Start of Material supplied

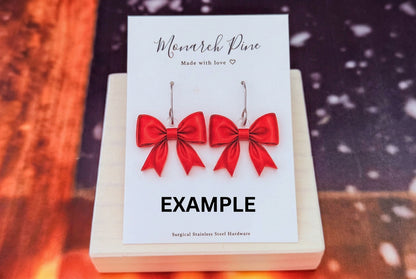 Petite Holiday Red Bow Earring Blank (1 Pair), Acrylic Print & Cut, Laser Blank #123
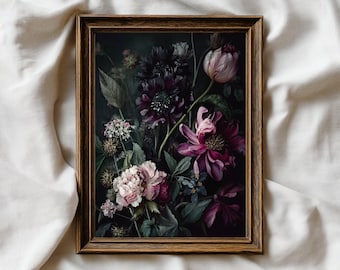 Dark Purple Floral Print: Moody Vintage Academia Wall Art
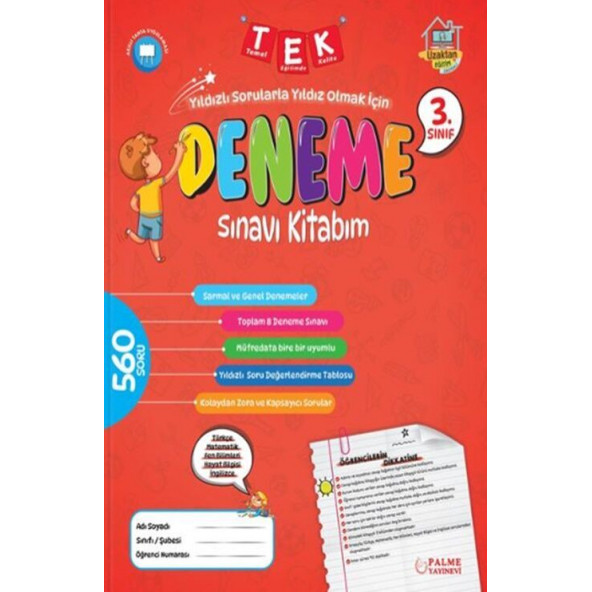 Palme Yayınevi 3. Sınıf Tek Deneme Sınavı Kitabım ürün görseli 1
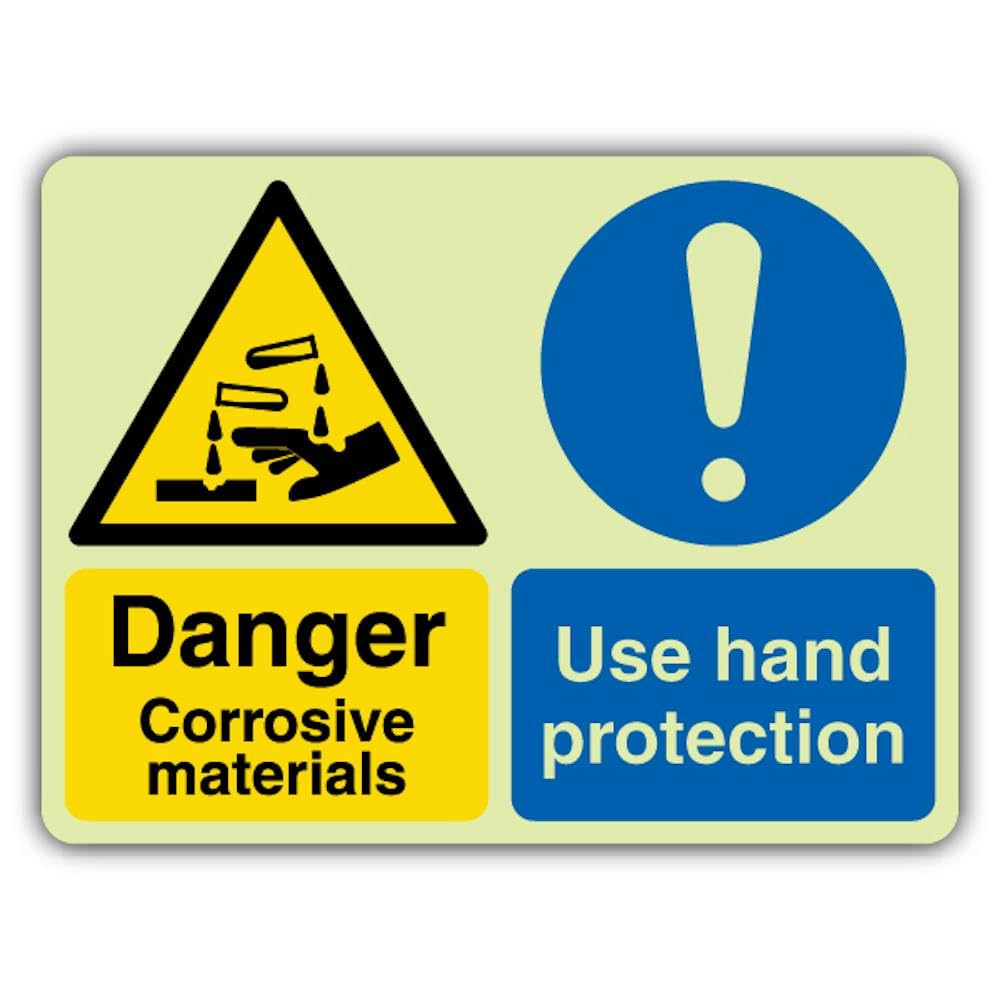 V Safety - Señal de protección de manos que brilla en la oscuridad, materiales corrosivos, 800 x 600 mm, hecha de plástico rígido de triple brillo, señalización de advertencia de peligro, fabricado en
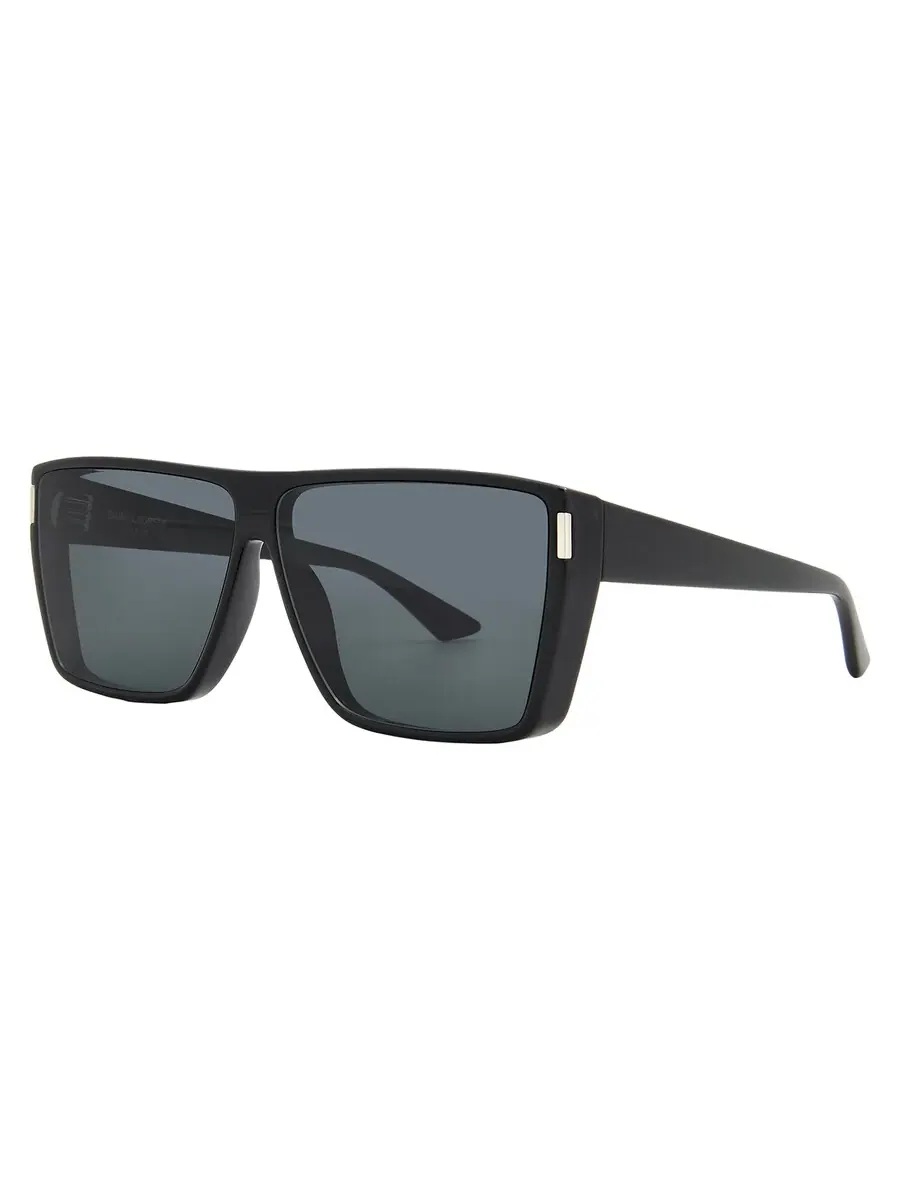 Солнцезащитные очки Saint Laurent Black Square универсальные SL 756 001 64 — изображение 2 из 4, черный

End of Material supplied

Instructions for the task:
With the images left out, output all the entries above exactly.

Answer section:
 Petite Holiday Red Bow Earring Blank (1 Pair), Acrylic Print & Cut, Laser Blank #123
 Dark Purple Floral Print: Moody Vintage Academia Wall Art
 Palme Yayınevi 3. Sınıf Tek Deneme Sınavı Kitabım ürün görseli 1
 V Safety - Señal de protección de manos que brilla en la oscuridad, materiales corrosivos, 800 x 600 mm, hecha de plástico rígido de triple brillo, señalización de advertencia de peligro, fabricado en
 Солнцезащитные очки Saint Laurent Black Square универсальные SL 756 001 64 — изображение 2 из 4, черный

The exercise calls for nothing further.